La manifestazione rientra nel progetto delle OVTJ, le Orchestre Verticali Territoriali Junior, realtà nate nell’ambito della rete dei licei musicali e delle scuole secondarie di primo grado a indirizzo musicale della Campania, con l’obiettivo di promuovere la cultura musicale, l’orientamento formativo e la pratica orchestrale condivisa.
Sul palco di Paestum si sono alternate ben 33 orchestre territoriali, composte dagli studenti dei licei musicali campani e delle scuole medie a indirizzo musicale, per un coinvolgimento complessivo di circa cinquemila giovani musicisti coordinati da centinaia di docenti.
In questo straordinario mosaico sonoro, gli allievi casertani si sono distinti per maturità interpretativa, precisione esecutiva e intensità emotiva, offrendo una prova particolarmente apprezzata dal pubblico e dagli organizzatori.
Non si trattava di una competizione, ma di qualcosa di molto più profondo: un’esperienza di crescita artistica e umana nella quale la musica ha assunto il valore di strumento di dialogo, incontro e partecipazione collettiva.
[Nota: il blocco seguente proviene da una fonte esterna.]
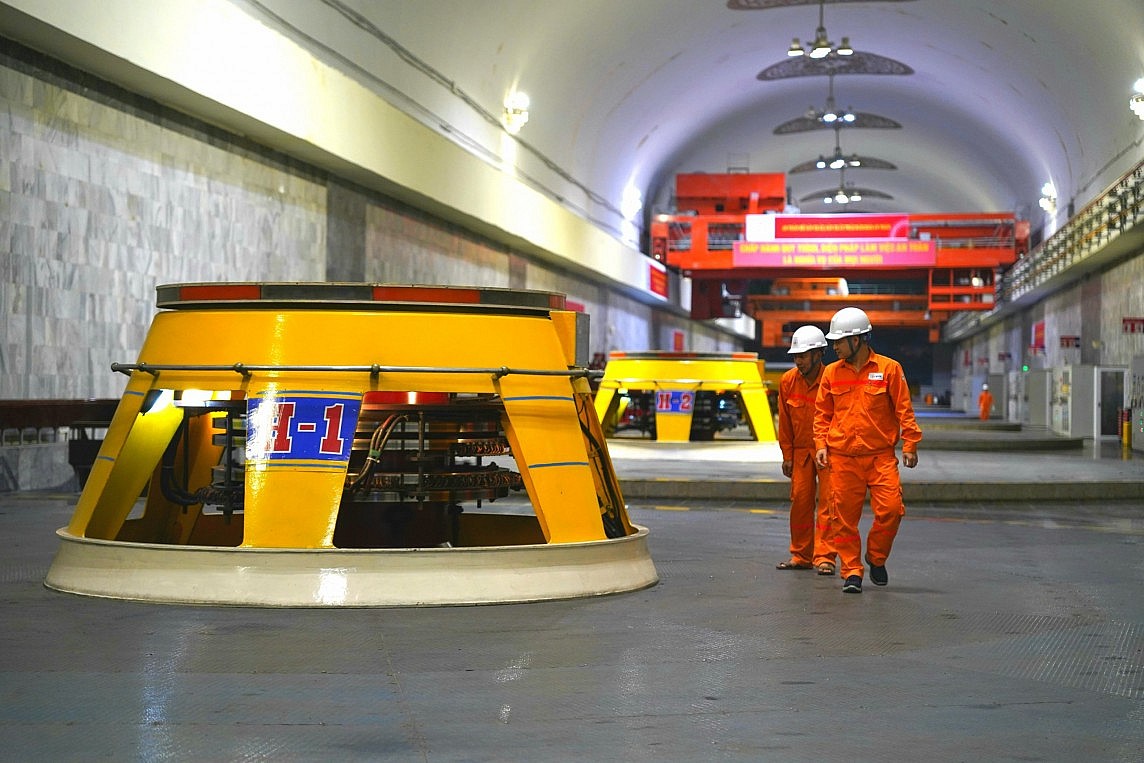 EVN triển khai chỉ thị số 05/CT-BCT của Bộ trưởng Bộ Công Thương về cấp điện cao điểm mùa khô 2024 EVN triển khai chỉ thị số 05/CT-BCT của Bộ trưởng Bộ Công Thương về cấp điện cao điểm mùa khô 2024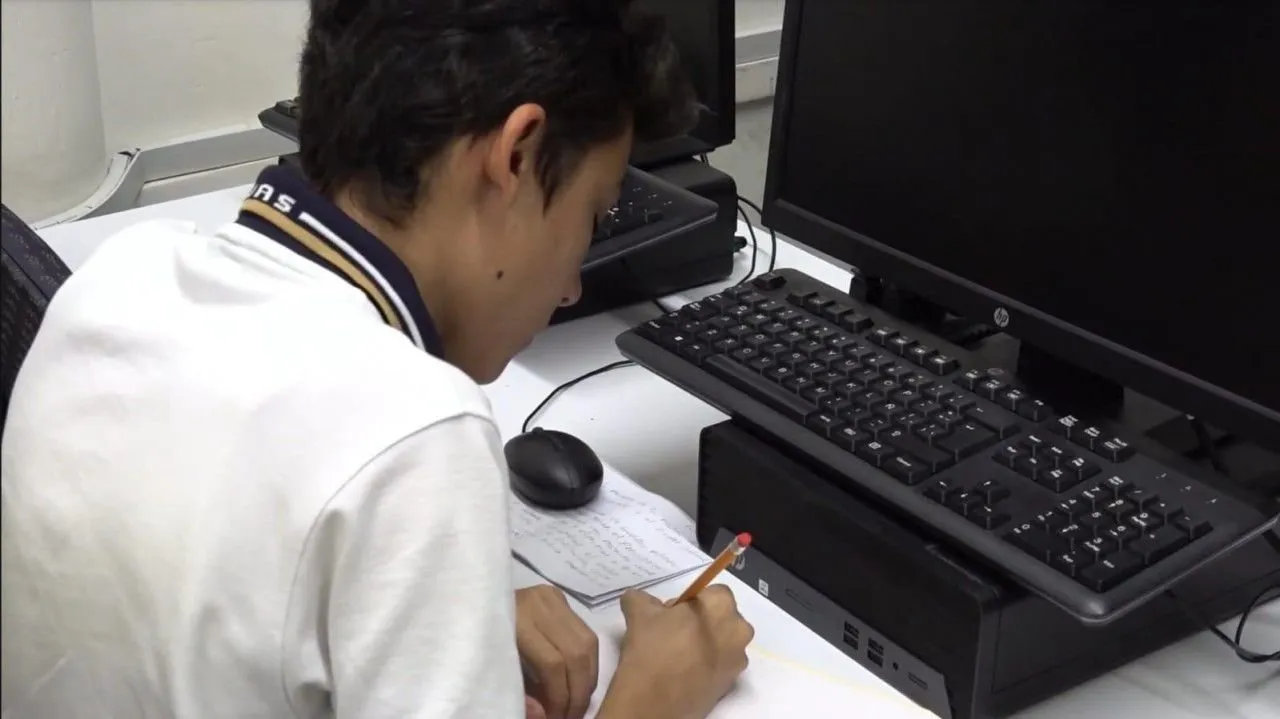 ¡A demostrar el talento! La UAS convoca al XIII Concurso Estatal de Ensayo Histórico para estudiantes de preparatoria, fortaleciendo el pensamiento crítico ¡A demostrar el talento! La UAS convoca al XIII Concurso Estatal de Ensayo Histórico para estudiantes de preparatoria, fortaleciendo el pensamiento crítico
Il repertorio proposto ha attraversato differenti linguaggi espressivi, dalla tradizione classica alle contaminazioni moderne e contemporanee, restituendo la straordinaria versatilità dei giovani interpreti e l’elevato livello qualitativo raggiunto dal percorso formativo musicale campano.
Grande merito va attribuito al Liceo Musicale “Terra di Lavoro” di Caserta, autentica eccellenza educativa e culturale del territorio, che continua a distinguersi per la qualità della proposta didattica e per la capacità di valorizzare il talento delle nuove generazioni.
Un plauso particolare è stato rivolto ai docenti dell’indirizzo musicale, protagonisti silenziosi di un lavoro quotidiano fondato su competenza, dedizione e passione pedagogica, capaci di accompagnare gli studenti lungo un percorso che trascende il semplice apprendimento tecnico per trasformarsi in autentica educazione alla sensibilità e alla bellezza.
Determinante anche il ruolo della dirigente scolastica Emilia Nocerino, figura fortemente impegnata nella promozione delle eccellenze artistiche e culturali dell’istituto e nella costruzione di una scuola aperta al territorio, al dialogo e alla valorizzazione dei linguaggi espressivi.
“Aule Armoniche” si conferma così molto più di una rassegna musicale: è il simbolo di una generazione che sceglie la cultura, l’ascolto reciproco e la condivisione come antidoti al rumore e alla frammentazione del presente.
E forse è proprio questa la lezione più preziosa lasciata dai giovani musicisti campani a Paestum: comprendere che, quando decine di strumenti riescono a fondersi senza sovrastarsi, anche una società intera può ancora imparare il significato autentico della parola armonia.